Neither are wrong. Both are natural. And in a way, the aspirations of a “New Religion” going forward would perhaps be a Unification or “Marriage” of these two separate bodies. That may be the true, ultimate life experience and fulfillment. In a way it’s sort of like the current goal of cutting edge physics is to “Marry” if you will Quantum Theory (Metaphorical of the Subtle Body) and Relativity (Metaphorical of the Physical Body).

I just realized that this idea of “Destiny” and “Letting go” or “Surrender” or in our terms here, “Sacrifice” (When thought of as ‘sacrificing’ your need to control) have a lot in common, that they almost are born from each other. So, if you sacrifice your Ego, then your true Destiny will take over, and then your life’s adventure will be automatic. “It” will begin.
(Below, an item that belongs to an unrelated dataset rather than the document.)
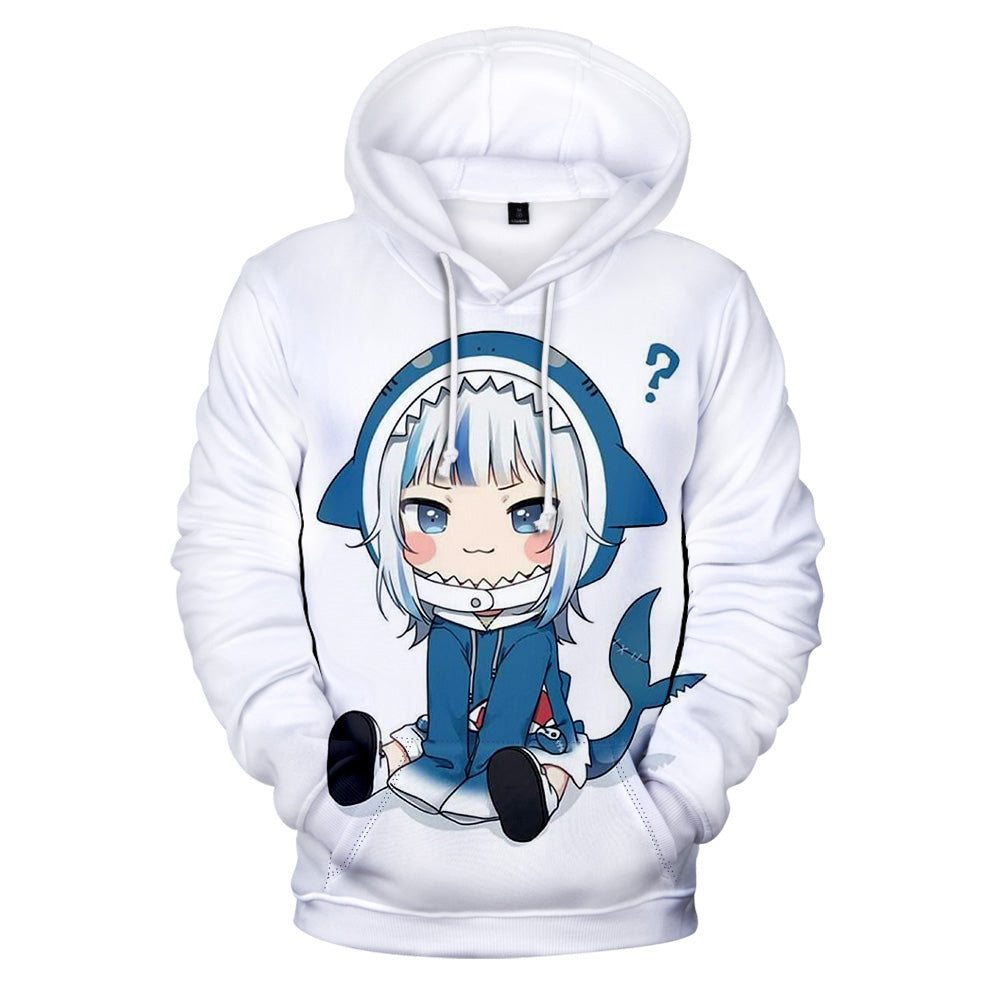 Fashion 3D Printed Gawr Gura Hoodies - Anime Hooded Sweatshirt Pullover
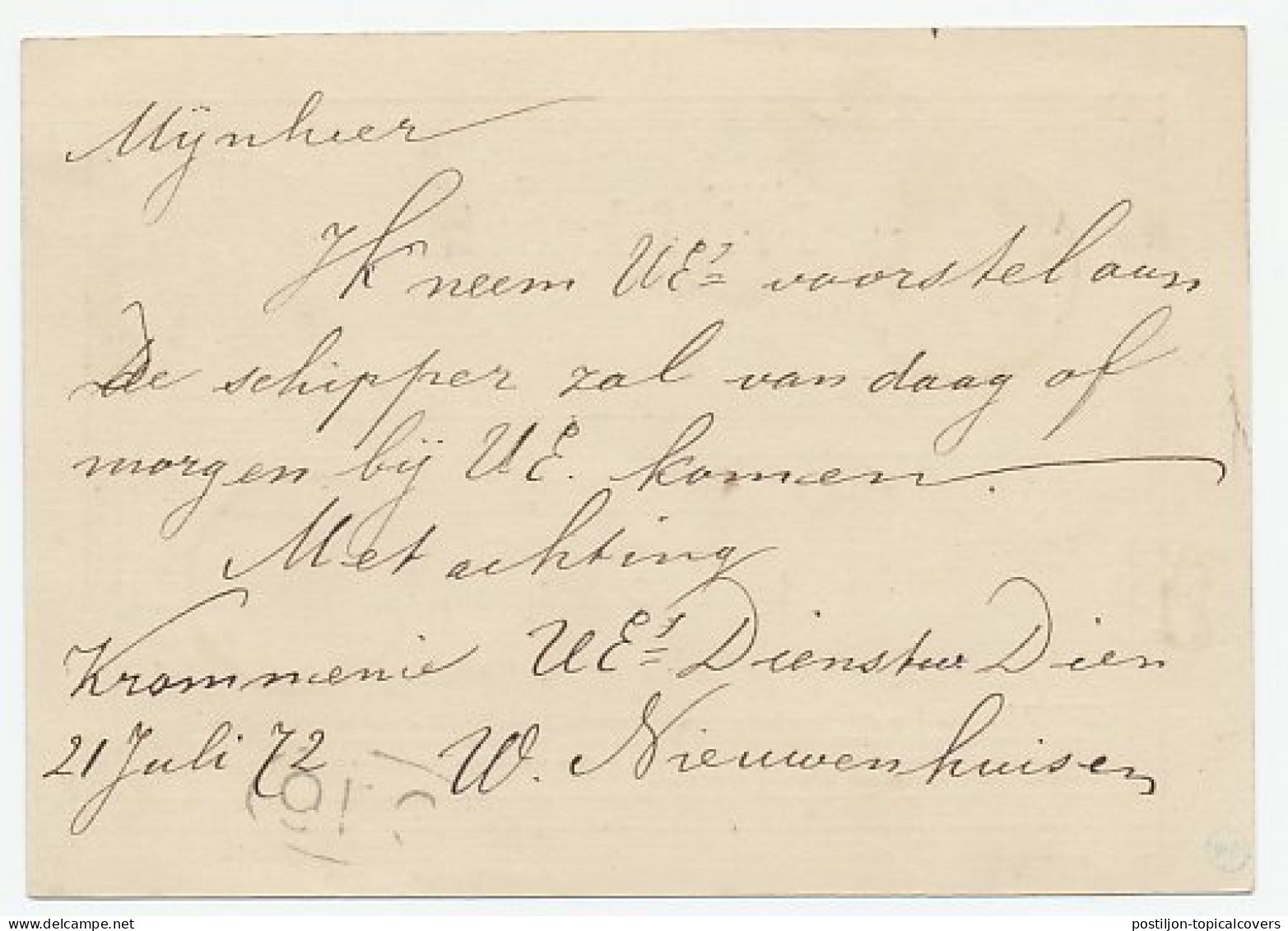 Naamstempel Krommenie 1872 - Briefe U. Dokumente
You won’t have to try. It’ll be like getting on a ride at Disney World.

The question I still have, that’s burning inside me, is how does one, in practical terms, in terms of your everyday life, actually “Die to Yourself” or “Die to Your Ego”? That’s the question that’s burning in me: how do you do this metaphorically in the everyday, “real” world of your life?

“I never meant for any of this to happen, but I’m glad it did,” Spade’s character in The Wrong Missy [-06:46]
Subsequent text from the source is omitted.